Restate the following data in its entirety, word for word and without images.

*** Data segment ***

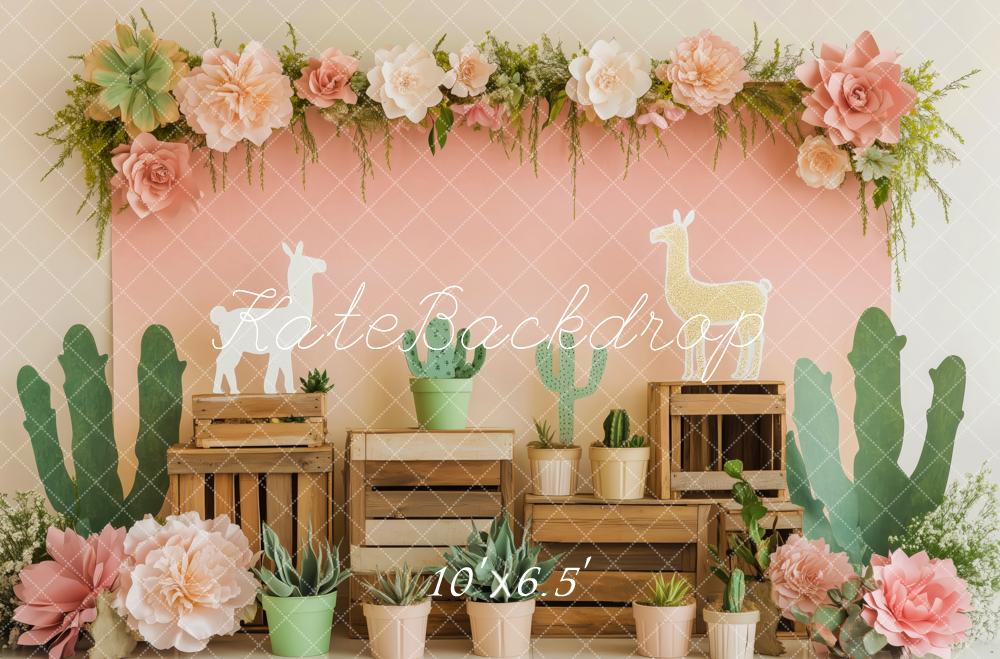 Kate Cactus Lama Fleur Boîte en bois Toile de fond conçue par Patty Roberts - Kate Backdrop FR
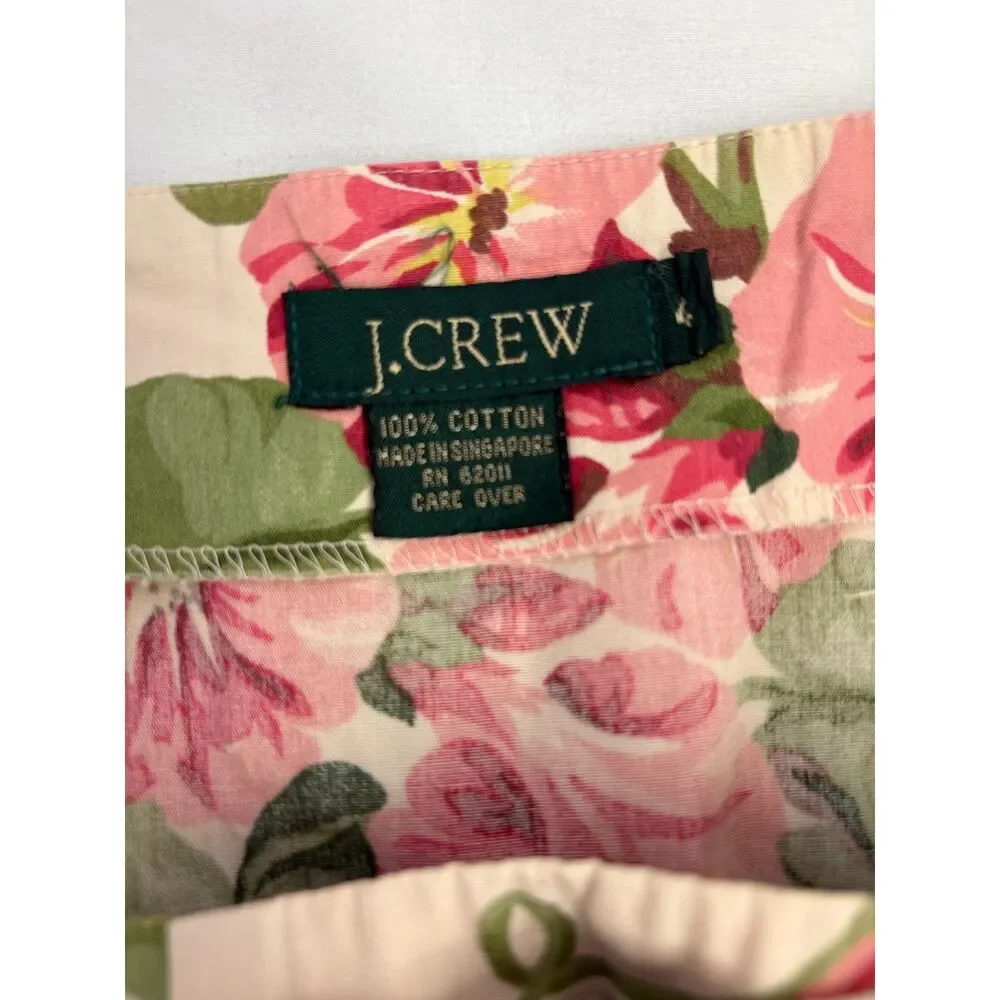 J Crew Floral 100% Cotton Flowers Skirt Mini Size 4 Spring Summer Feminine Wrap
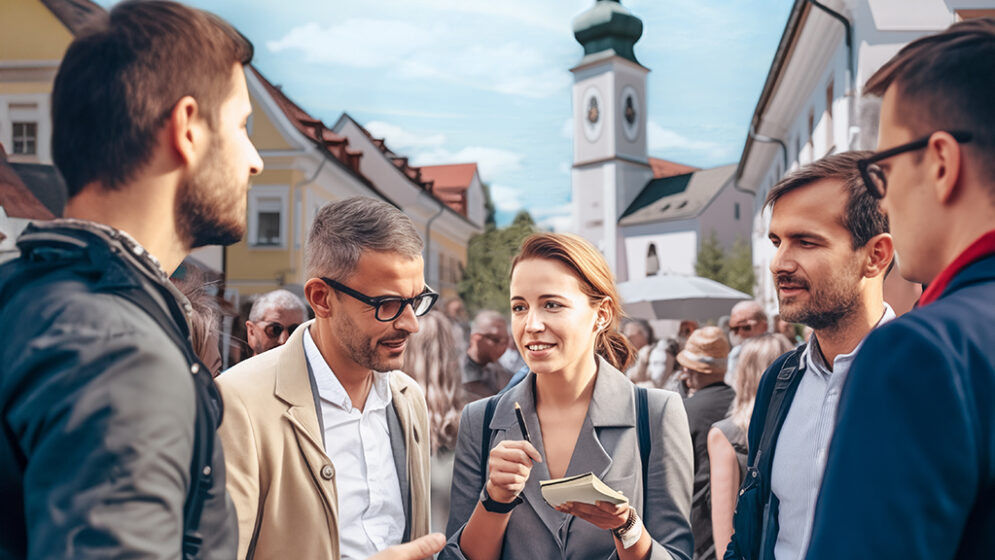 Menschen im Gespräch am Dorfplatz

*** End of Data segment ***

### Response
 Kate Cactus Lama Fleur Boîte en bois Toile de fond conçue par Patty Roberts - Kate Backdrop FR
 J Crew Floral 100% Cotton Flowers Skirt Mini Size 4 Spring Summer Feminine Wrap
 Menschen im Gespräch am Dorfplatz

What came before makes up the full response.